- Born: 1833 Cheapside, London, U.K.
- Died: 1900 (aged 66–67) Adelaide Crescent, Hove, U.K.
- Resting place: West Norwood Cemetery.
- Occupations: Businessman, philanthropist

= William Richard Sutton =

British businessman (1833–1900)

William Richard Sutton (1833 – 20 May 1900) was the founder of the UK's first door-to-door long distance parcel service and founder of the William Sutton housing trust.

==Early life==
William Richard Sutton was born in 1833 at London's Cheapside.

==Career==
Sutton founded the business of Sutton and Co., general carriers in 1861. He noted that the Royal Mail could carry letters from door to door, but they did not carry parcels; instead the sender had to arrange for delivery to a railway station, goods freight to a station near the destination, and then make separate arrangements for delivery to the final destination. Sutton Carriers would take care of all those stages. The railway companies obstructed this and Sutton took them to court with a case that lasted over seven years; the House of Lords ruled to break the railway companies' monopoly on pricing and allowed him to deliver packages door-to-door. At his death in 1900 his business had grown to 600 branches.
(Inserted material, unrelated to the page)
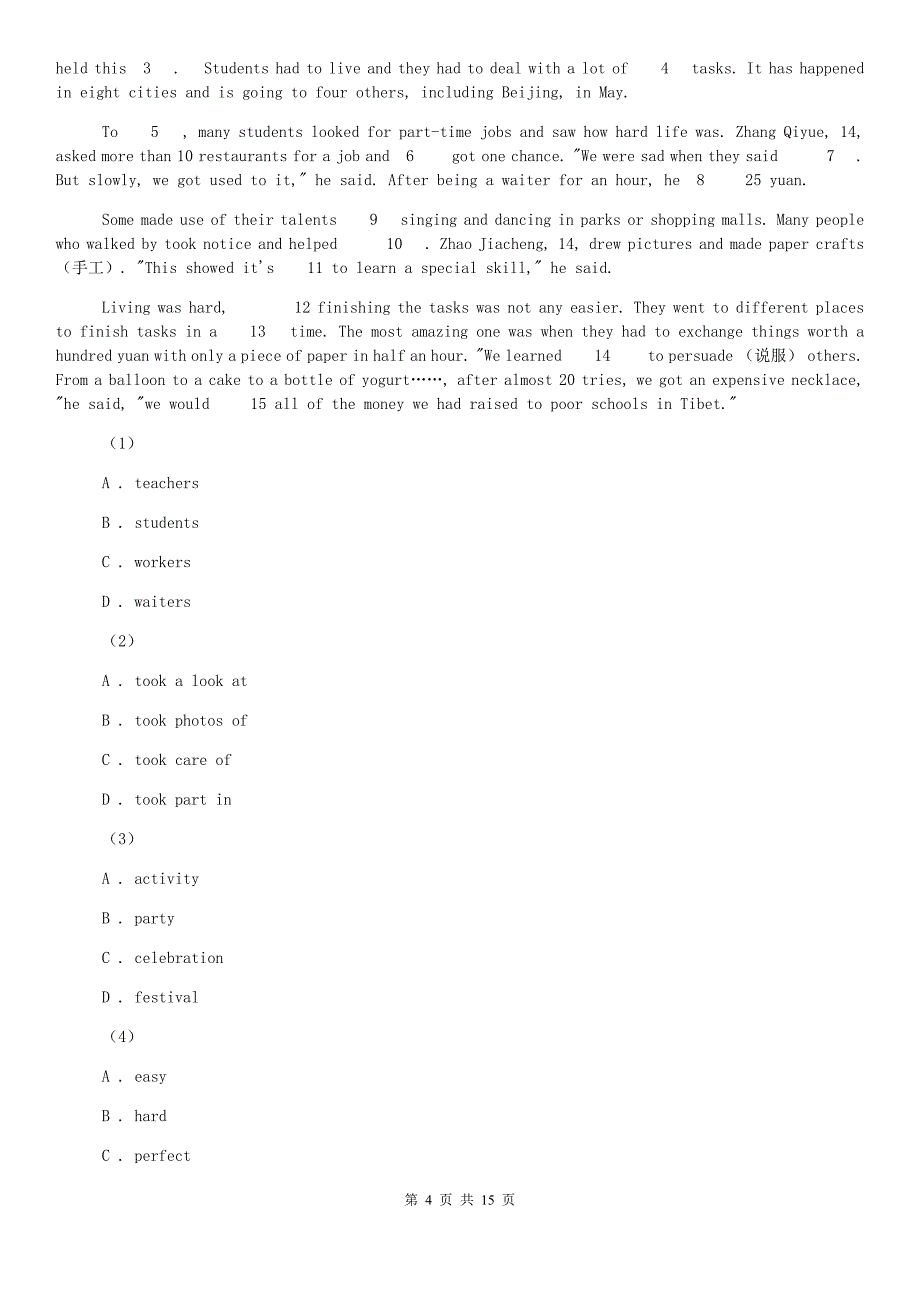 冀教版2019-2020学年八年级下学期英语第三次月考卷B卷.doc_第4页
Sutton Carriers was eventually nationalised in the 1950s.

Sutton also had a partnership in Sutton, Carden and Co. which was a brewer, bottler, distiller, hotelier and merchant of wines, tea, coffee, and tobacco.

==Death and legacy==
Sutton died at his home in Adelaide Crescent, Hove, and was buried in West Norwood Cemetery. His will bequeathed almost all of his considerable wealth into philanthropic trusts for housing of the poor, although during his life he had held no public office and did no charity work. His will was disputed by his family and by existing large landlords, among them the London County Council, who were worried that these cheap and desirable dwellings would lead to lower rents. Nonetheless, his will was proved and The Sutton Model Dwellings Trust (now known as Clarion Housing Group) built estates for the poor across England, beginning in Bethnal Green, then Chelsea, Islington, Rotherhithe, Plymouth and Birmingham.